▼

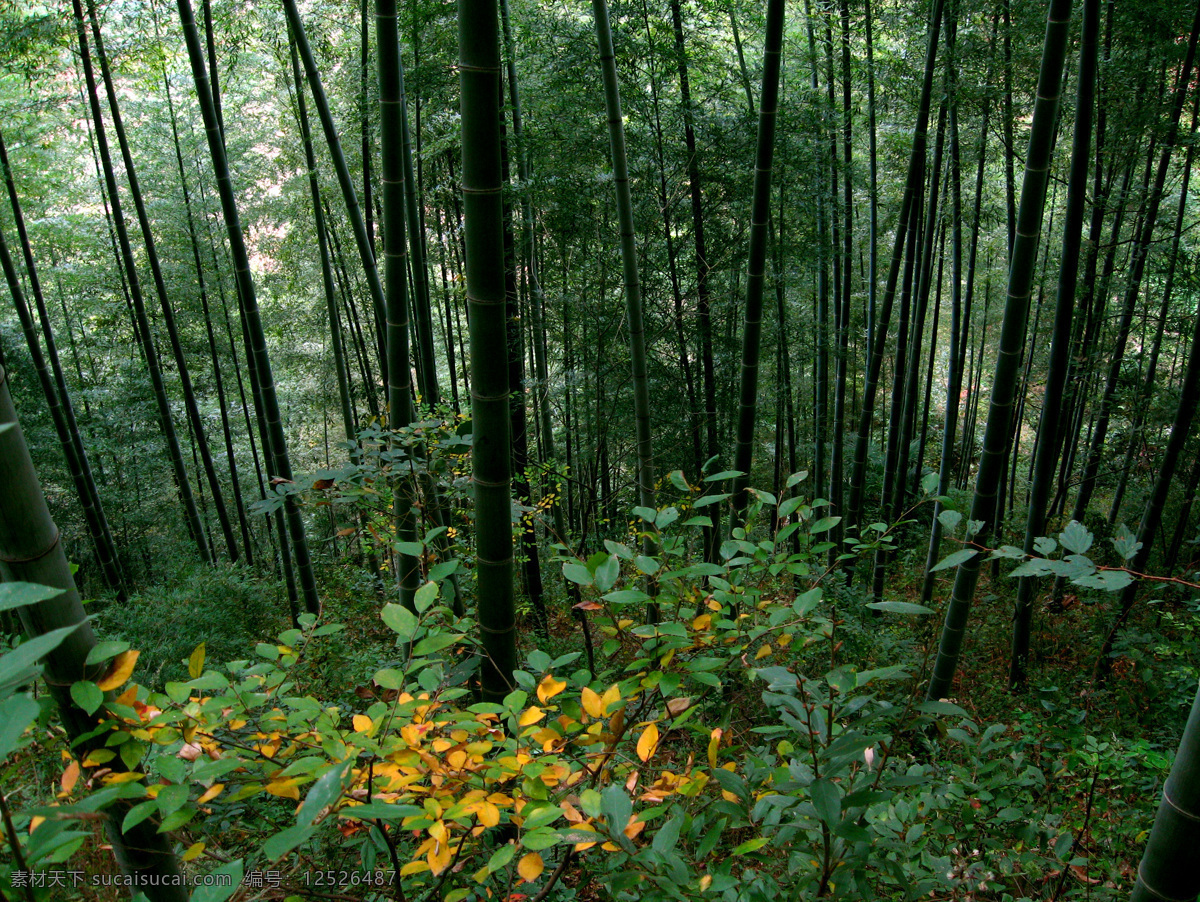 木 坑 竹海 竹林 自然风景 自然景观 木坑竹海 安徽竹林 宏村竹林 木坑 竹海桌面 绿荫 竹林绿荫 矢量图 日常生活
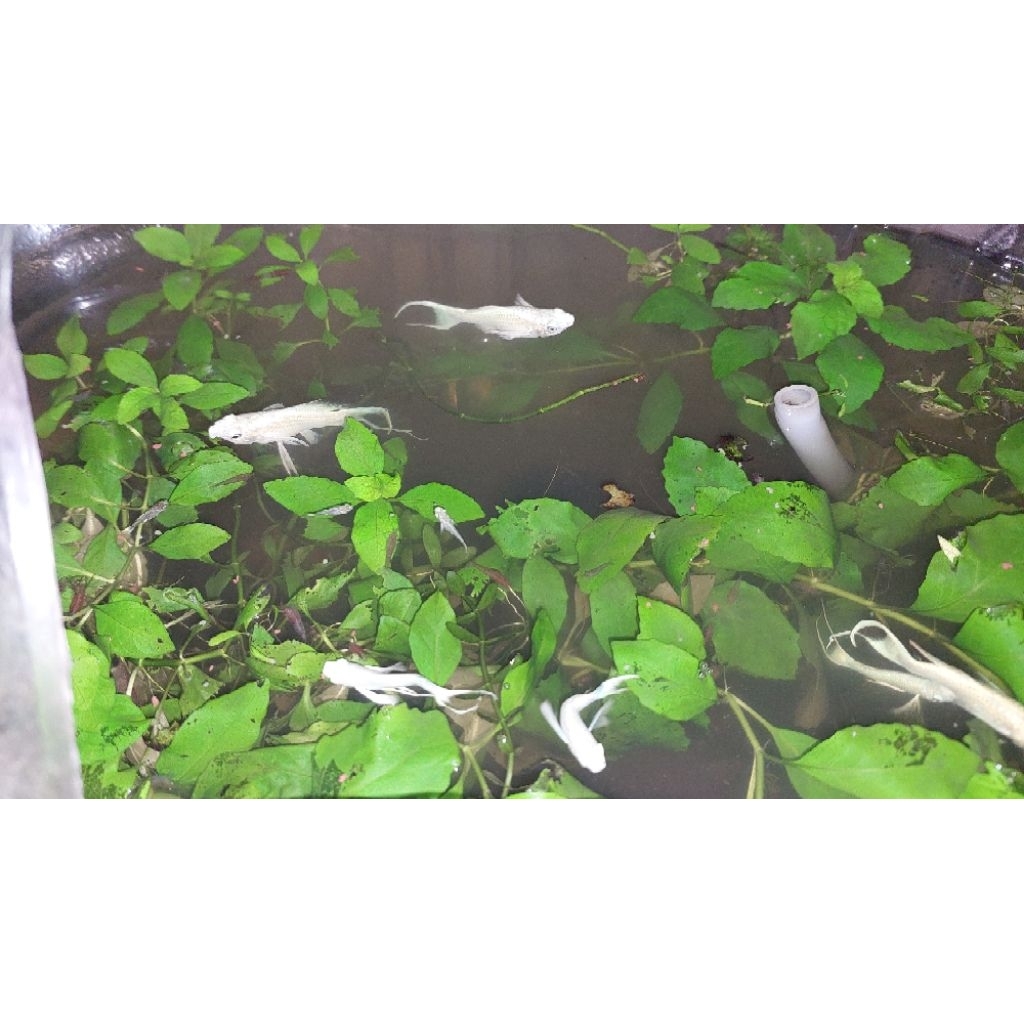 Ikan Molly Platinum Ekor Cawang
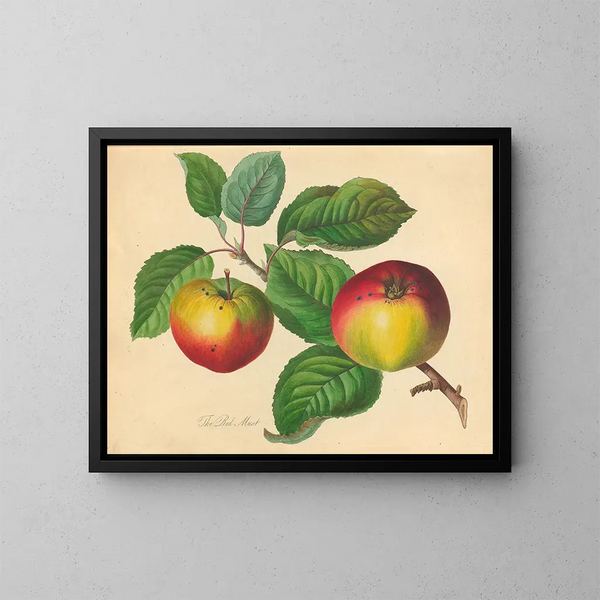 Rosso Must - Thomas Andrew Knight — quadro incorniciato alla parete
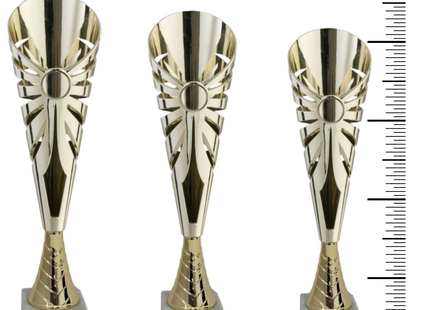 Tris di premiazioni personalizzate 36 - 34 - 31 cm | Cod. 12.969G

▲

EXERCISE DETAILS: Repeat the data above exactly, leaving out any pictures it holds.

SOLUTION:
 木 坑 竹海 竹林 自然风景 自然景观 木坑竹海 安徽竹林 宏村竹林 木坑 竹海桌面 绿荫 竹林绿荫 矢量图 日常生活
 Ikan Molly Platinum Ekor Cawang
 Rosso Must - Thomas Andrew Knight — quadro incorniciato alla parete
 Tris di premiazioni personalizzate 36 - 34 - 31 cm | Cod. 12.969G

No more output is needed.